But what I love about this verse more than just the verse itself is the context. This is a verse we'll put on walls, we'll put on plaques and everything else. I have found that so few people know the story about this verse. These words were spoken to a king named Asa. If you turn back one chapter, 2 Chronicles fifteen, you'll see that King Asa was an amazing king. If you know anything about the history of Judah and of Israel you know when there was a good king good things happened. But that was rare. Usually there were bad kings, and the bad kings took them into horrible, horrible places. Very early in King Asa's reign a prophet comes to him and says, "Listen. You know there have been times in Israel's history when they didn't worship the true God and they turned away from him." But he warned him and he says in verse seven, "But you take courage. You take courage. Do not let your hands be weak, for your work shall be rewarded." I love what it says next. "As soon as Asa heard these words, he took courage." I was even thinking about that phrase "take courage." You know he said, "Take courage." It's something you've got to grab. I think most of us, like me, I'm not naturally courageous. I'm not naturally fearless, and I need someone to tell me to take the bull by the horns. Come on. Take that courage into you. He says don't be like these other kings that just did what everyone wanted them to do or what they felt like doing. You be one of those who stands up and takes courage. He says, no, we're going to follow God. I trust this God. When he heard these words, it says he took courage.

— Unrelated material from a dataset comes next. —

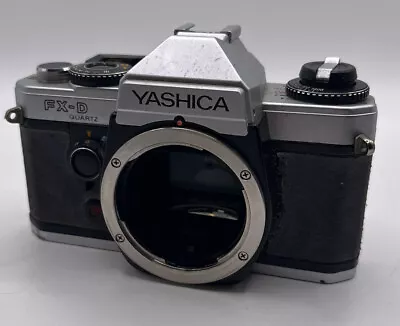 Yashica FX-D Quartz 35mm SLR Camera Body - Tested With New Battery • £25.65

If you read in chapter fifteen it's amazing what this king does. He starts implementing the sacrifices again. He says, okay, here's what we're going to do. We're going to rebuild the altar. We have not been worshiping God. We have not been offering sacrifices. Then he looks around him and he sees idols everywhere. He starts chopping down all of the idols. He gathers all the people together and decides they are going to make a covenant. We're going to love the Lord. Look at what it says in verse twelve. "They entered into a covenant to seek the Lord, the God of their fathers, with all their heart, with all their soul, but that whoever would not seek the Lord the God of Israel should be put to death, whether young or old, man or woman." He looks at this group of people, and says, "Listen, I'm the new king. Get rid of all those idols right now. Someone start building the altar because we're going to start sacrificing to the Lord again, and right now we're going to make a covenant to the Lord. Okay? We're the people of God. We are going to seek him with all our heart, all our mind. And if you're not with me, I'm going to kill you." That takes a little bit of courage, doesn't it?

I love stories like this because, don't you dream of being a man of God like that or a woman of God like that? The kind that says I don't care the way that it's always been done. I just heard from the Lord, and I'm going to take courage and I'm going to do things the way he wants me to do them. My favorite part of all of that is in verse sixteen it says, "Even Maakah, his mother, King Asa removed from being queen mother because she had made a detestable image for Asherah. Asa cut down her image, crushed it, and burned it at the brook." So he looks at his mom and he goes "What is that? You seriously made an image? You thought you could get away because you're my mom? Someone cut that things down; grind it to pieces; burn it. And, Mom, you're not longer the queen."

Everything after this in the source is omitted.